━━━━━ The records ━━━━━

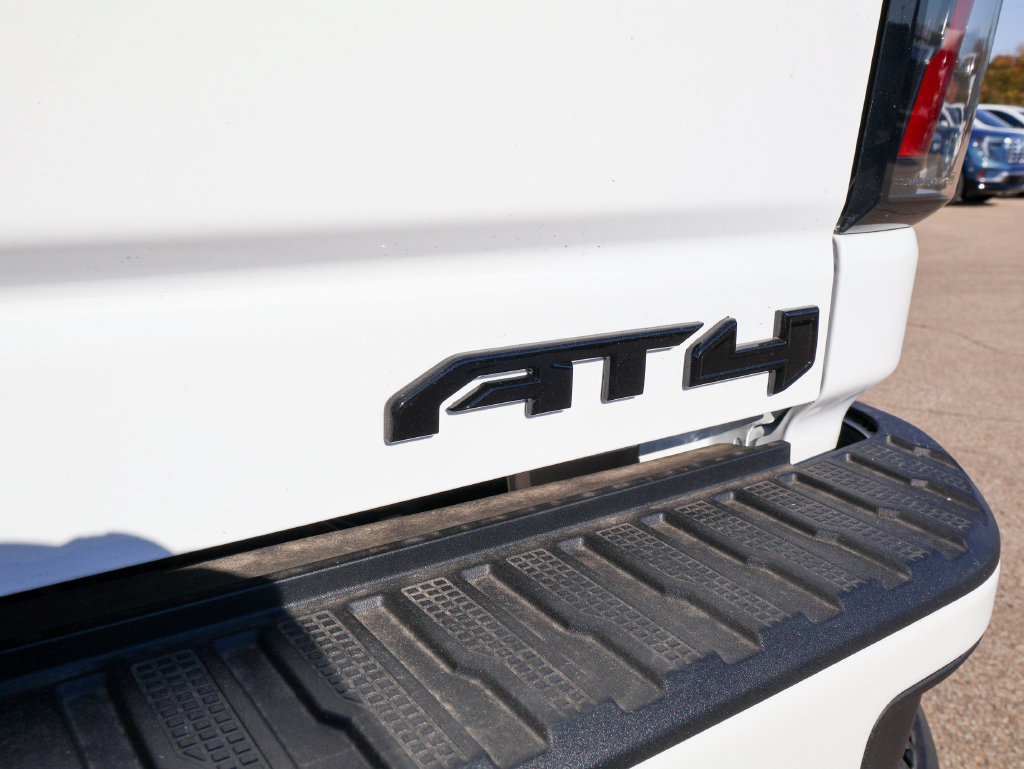2026 GMC Sierra 2500HD AT4 - Photo 11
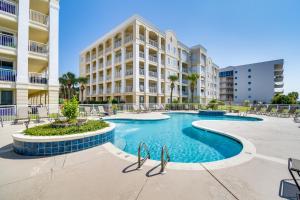 Bazén v ubytování Waterfront Orange Beach Condo with Bayside Balcony! nebo v jeho okolí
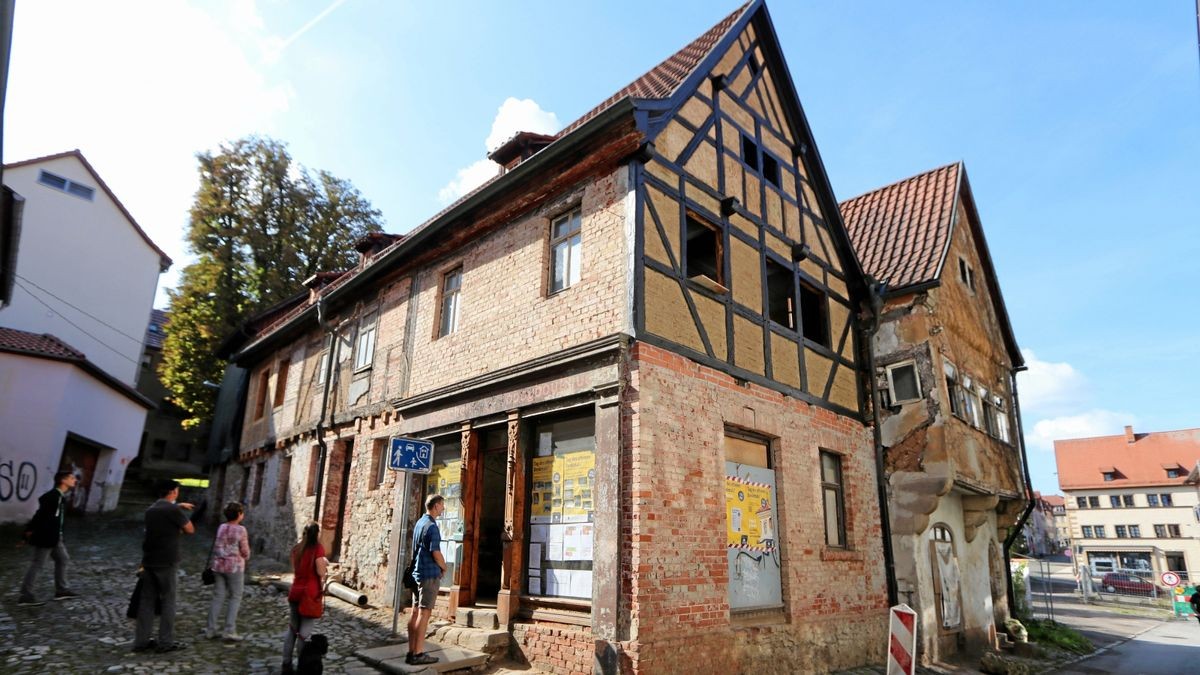 Pößneck: Die Altstadtecke Marienplatz/Obere Johannisgasse verlangt Geduld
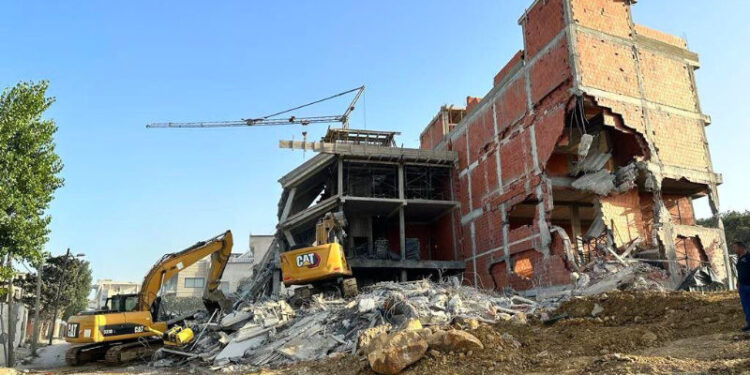 Tanger prend des mesures sévères : le Caïd impliqué dans le bâtiment illégal suspendu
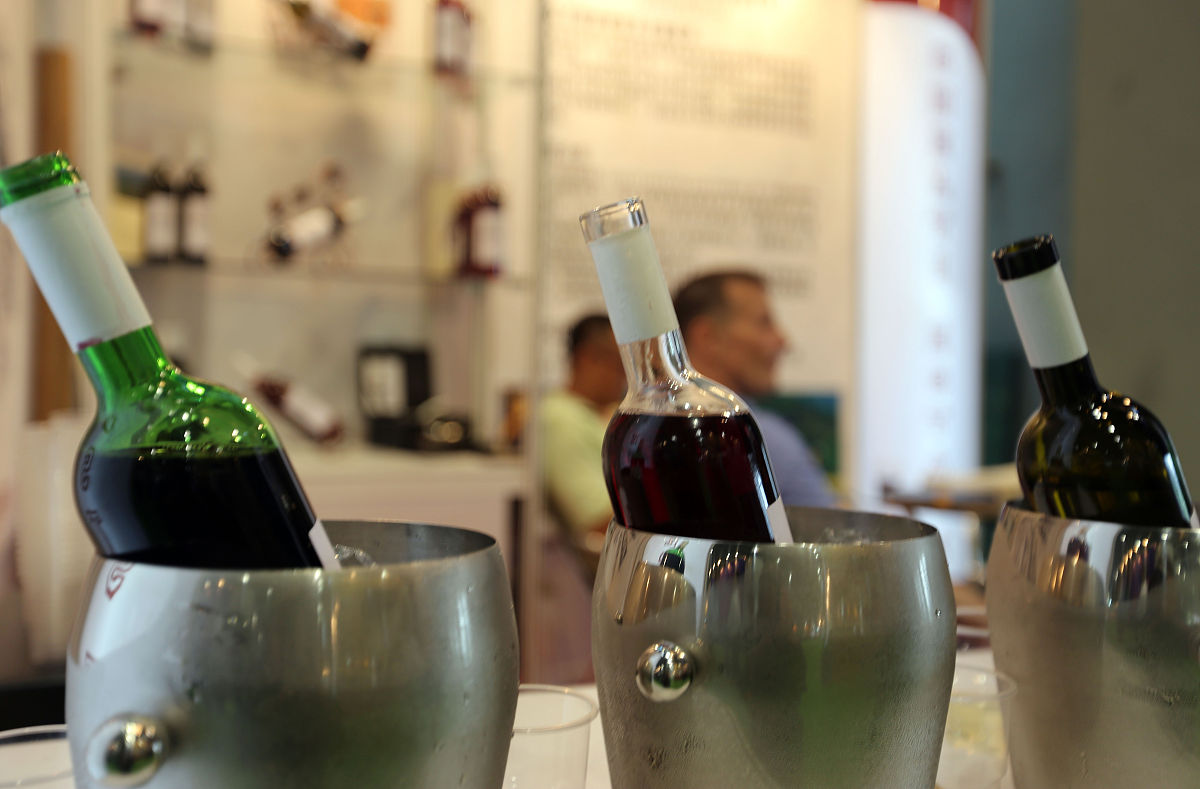 10000 美元一瓶的红酒可能是你难以想象的10000 美元可以让我家乡的无家可归者吃一个月的饭。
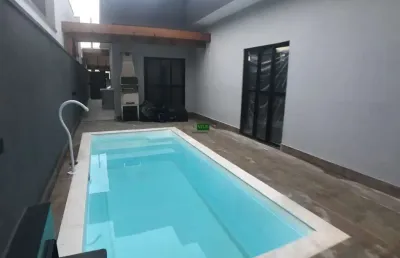 Casa nova a venda com 3 quartos sendo 1 suíte . massaguaçu a 400m do mar . caraguatatuba sp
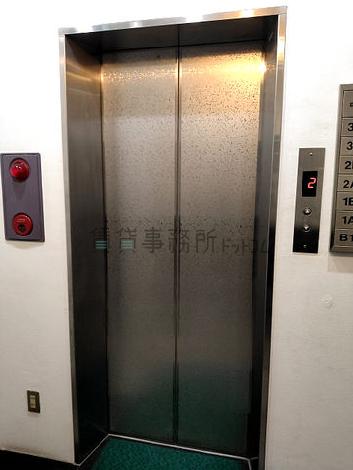 エレベーター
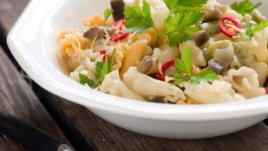 Салата с макарони и патладжани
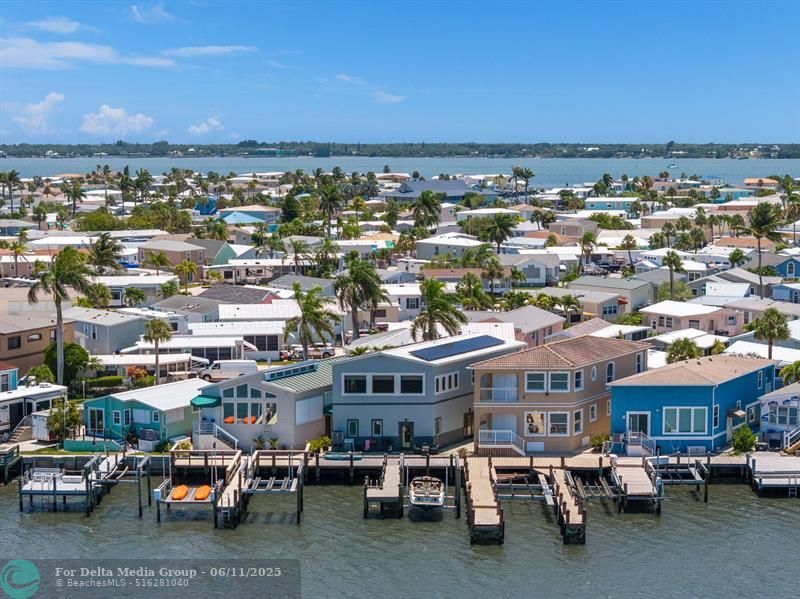 392 Nettles Boulevard, Jensen Beach, FL 34957 Photo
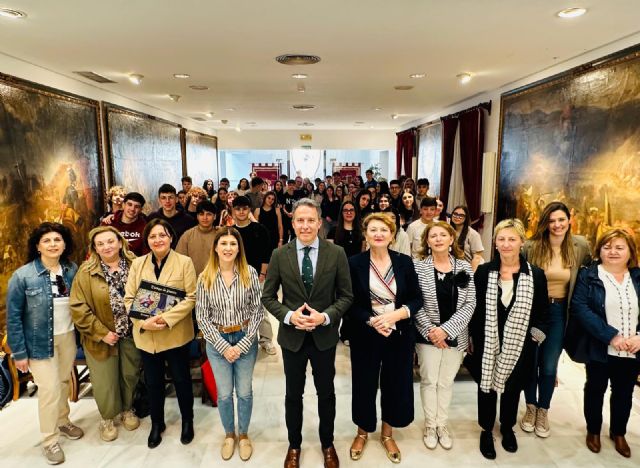 El alcalde de Lorca recibe a más de una treintena de estudiantes italianos que participan en un intercambio educativo con el instituto José Ibáñez Martín - 1, Foto 1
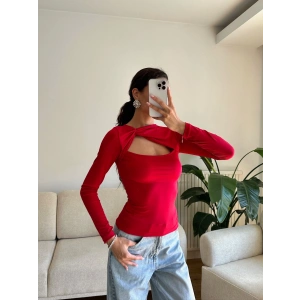 Göğüs Pencere Kruvaze Bluz - KIRMIZI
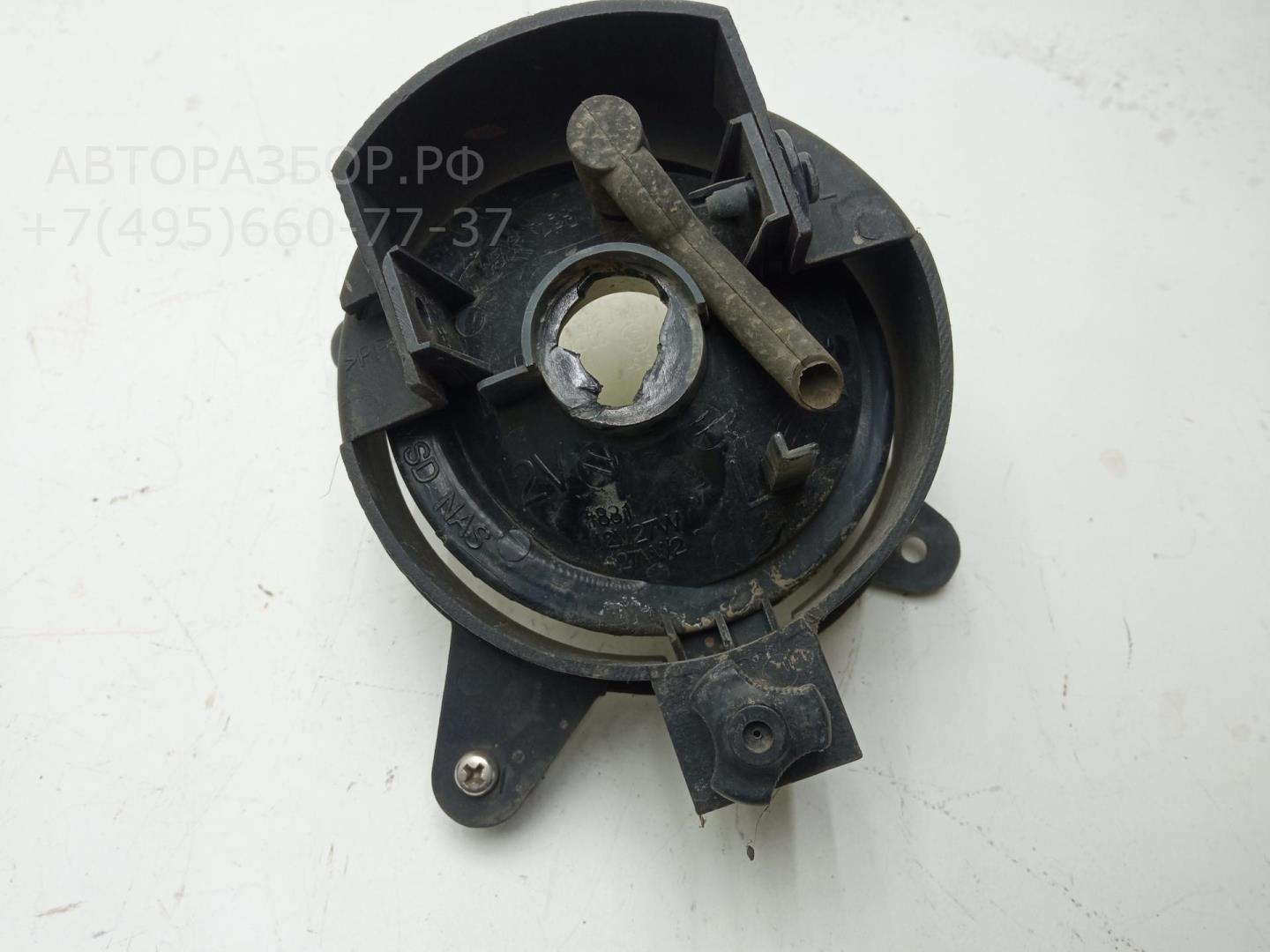 Фара противотуманная левая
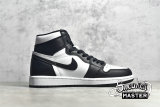 NIKE AIR JORDAN 1 RETRO HIGH OG BLACK/WHITE-BLACK 555088-010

━━━━━

Problem statement: Please print each record above again exactly, but omit any pictures.

Output:
2026 GMC Sierra 2500HD AT4 - Photo 11
 Bazén v ubytování Waterfront Orange Beach Condo with Bayside Balcony! nebo v jeho okolí
 Pößneck: Die Altstadtecke Marienplatz/Obere Johannisgasse verlangt Geduld
 Tanger prend des mesures sévères : le Caïd impliqué dans le bâtiment illégal suspendu
 10000 美元一瓶的红酒可能是你难以想象的10000 美元可以让我家乡的无家可归者吃一个月的饭。
 Casa nova a venda com 3 quartos sendo 1 suíte . massaguaçu a 400m do mar . caraguatatuba sp
 エレベーター
 Салата с макарони и патладжани
 392 Nettles Boulevard, Jensen Beach, FL 34957 Photo
 El alcalde de Lorca recibe a más de una treintena de estudiantes italianos que participan en un intercambio educativo con el instituto José Ibáñez Martín - 1, Foto 1
 Göğüs Pencere Kruvaze Bluz - KIRMIZI
 Фара противотуманная левая
 NIKE AIR JORDAN 1 RETRO HIGH OG BLACK/WHITE-BLACK 555088-010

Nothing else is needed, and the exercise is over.